Methyl donor supplementation reduces phospho-Tau, Fyn and demethylated protein phosphatase 2A levels and mitigates learning and motor deficits in a mouse model of tauopathy

van Hummel, Annika; Taleski, Goce; Sontag, Jean-Marie; Feiten, Astrid Feentje; Ke, Yazi D.; Ittner, Lars M.; Sontag, Estelle

Title: Methyl donor supplementation reduces phospho-Tau, Fyn and demethylated protein phosphatase 2A levels and mitigates learning and motor deficits in a mouse model of tauopathy
Creator: van Hummel, Annika; Taleski, Goce; Sontag, Jean-Marie; Feiten, Astrid Feentje; Ke, Yazi D.; Ittner, Lars M.; Sontag, Estelle
Relation: Neuropathology and Applied Neurobiology Vol. 49, Issue 4, no. e12931
Publisher Link: http://dx.doi.org/10.1111/nan.12931
Publisher: Wiley-Blackwell
Resource Type: journal article
Date: 2023
Description: Background: Reduced folate status and elevated levels of circulating homocysteine are modifiable risk factors for cognitive decline and dementia.
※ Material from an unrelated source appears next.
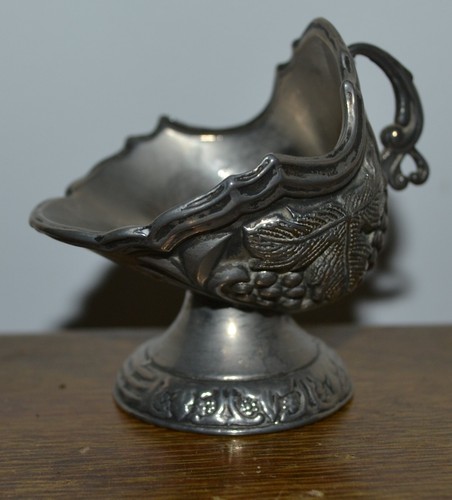 Vintage silver plated coal - silver,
Disturbances in one-carbon metabolism are associated with the pathological accumulation of phosphorylated tau, a hallmark feature of prevalent dementia, including Alzheimer's disease and subgroups of frontotemporal dementia. Methods: Here, using transgenic TAU58/2 mouse models of human tauopathy, we tested whether dietary supplementation with L-methylfolate (the active folate form), choline and betaine can reduce tau phosphorylation and associated behavioural phenotypes. Results: TAU58/2 mice fed with the methyl donor-enriched diet showed reduced phosphorylation of tau at the pathological S202 (CP13) and S396/S404 (PHF-1) epitopes and alleviation of associated motor and learning deficits. Compared with mice on the control diet, the decrease in cortical phosphorylated tau levels in mice fed with the methyl donor-enriched diet was associated with enhanced methylation of protein phosphatase 2A, the major brain tau Ser/Thr phosphatase. It also correlated with a reduction in protein levels of Fyn, a tau tyrosine kinase that plays a central role in mediating pathological tau-induced neurodegeneration. Conversely, Fyn expression levels were increased in mice with deficiencies in folate metabolism. Conclusions: Our findings provide the first experimental evidence that boosting one-carbon metabolism with L-methylfolate, choline and betaine can mitigate key pathological, learning and motor deficits in a tauopathy mouse model. They give support to using a combination of methyl donors as a preventive or disease-modifying strategy for tauopathies.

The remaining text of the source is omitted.